As shown in Table 2, steel grades 1-1 to 1-3 using Specimen 1 of Table 1 showed lower yield and tensile strengths because the content of carbon and manganese was smaller than the range proposed by the present invention. The yield and tensile strengths were lower in the case of less than 30% (steel grades 1-1 and 1-2) compared to the re-rolling rate of more than 30% (steel grades 1-3).

In addition, the steel grades 2-1 and 2-2 using the specimen 2 of Table 1 is the case that the aluminum is not added, even in this case it can be seen that the yield strength and tensile strength was not secured. Here, the yield and tensile strengths were lower in the case where the re-rolling rate was 30% or more (steel grade 2-2) and less than 30% (steel grade 2-1).

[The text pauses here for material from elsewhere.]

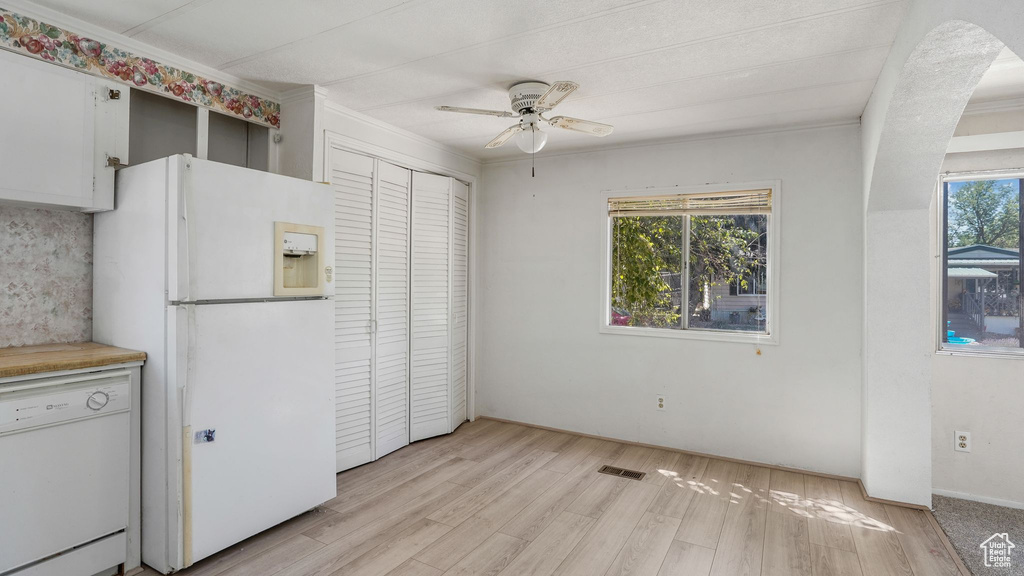 Kitchen with white appliances, a ceiling fan, light wood finished floors, crown molding, and light countertops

In addition, the steel grades 6-1 to 6-3 using the specimen 6 of Table 1 is a case where the content of manganese and silicon does not satisfy the range proposed in the present invention, the yield strength was low, even at this time re-rolling rate Yield strength and tensile strength were lower in less than 30% than in 30% or more.

Therefore, it can be seen from the above results, it is preferable to apply a re-rolling rate of 30% or more during re-rolling to secure excellent yield strength and tensile strength.

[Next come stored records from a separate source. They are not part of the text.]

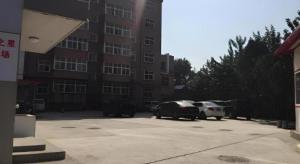 Dos coches estacionados en un estacionamiento frente a un edificio. en Jinjiang Inn Handan Zhonghua Nan Street Xueyuan Bei Road, en Handan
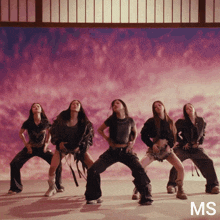 a group of women are dancing in front of a pink sky with the letters ms on the bottom right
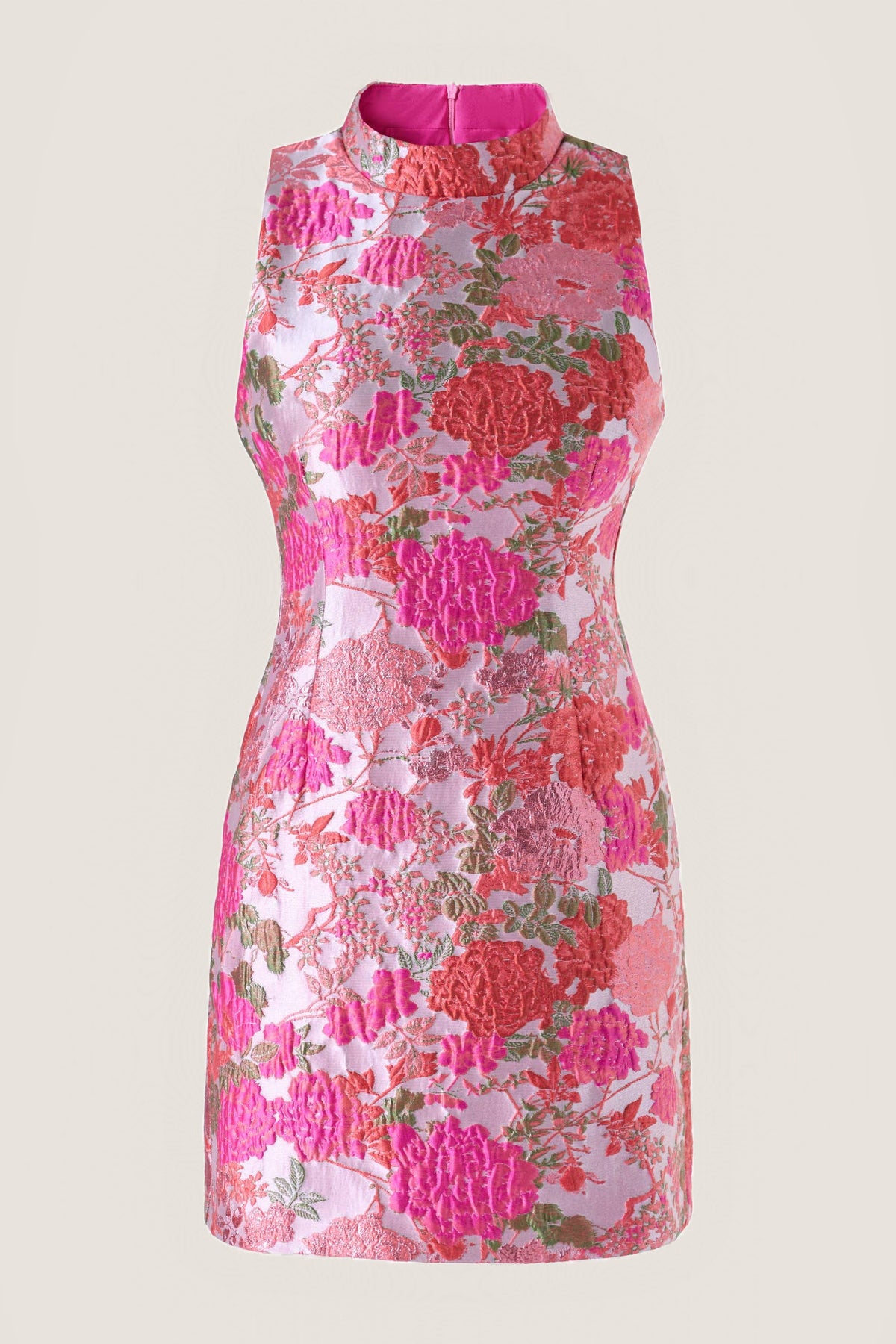 The Garden Party Dress shown on its own from the front: a sleeveless mock-neck mini in pink embossed floral jacquard with red and hot pink roses and green leaves, on a warm neutral background.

On the other hand, in the case of using the specimens satisfying all the component system proposed in the present invention (steel grades 3-1 to 5-4), both yield strength and tensile strength showed excellent values.

In addition, in order to determine the effect of the microstructure on the yield strength and tensile strength increase by re-rolling, the change in the microstructure before and after re-rolling using the invention steel 5 according to the present invention EBSD (Electron BackScattered Diffraction) Observed with, it is shown in FIG.

As a result, as shown in FIG. 1, the aspect ratio of the grain in the rolling direction was about 1 before re-rolling, but the aspect ratio of the grain in the rolling direction after re-rolling was 2 or more, and the grain was 70% or more. It was. In addition, it was confirmed that the twin fraction increased by re-rolling. As described above, it can be interpreted that the tensile strength and the yield strength increase after rerolling as the aspect ratio of the grain in the rolling direction increases and the formation of twins increases due to the rerolling. Through this, even in the case of the other inventions, it can be determined that the tensile strength and the yield strength after re-rolling have excellent collision characteristics.

Therefore, the high manganese steel of the present invention can secure ultra high strength by re-rolling, and can secure excellent collision characteristics.

(Example 2)

The steel ingot having a component system as shown in Table 3 was maintained in a 1200 ° C. heating furnace for one hour, followed by hot rolling. At this time, the hot rolling finish temperature was set to 900 ℃, the winding was carried out at 650 ℃ after hot rolling. Thereafter, pickling was performed using the hot rolled steel sheet, and cold rolling was performed at a cold rolling rate of 50%. Thereafter, the cold rolled specimen was subjected to continuous annealing simulation heat treatment at an annealing temperature of 800 ° C. and an overaging temperature of 400 ° C. Further, after the continuous annealing simulation heat treatment of the cold rolled steel sheet under the same conditions as above, the hot dip galvanizing simulation test was performed by setting the temperature of the molten zinc bath to 460 ° C. In addition, the steel sheet continuously annealed in the same manner as described above was re-rolled by varying the re-rolling rate as shown in Table 4 below.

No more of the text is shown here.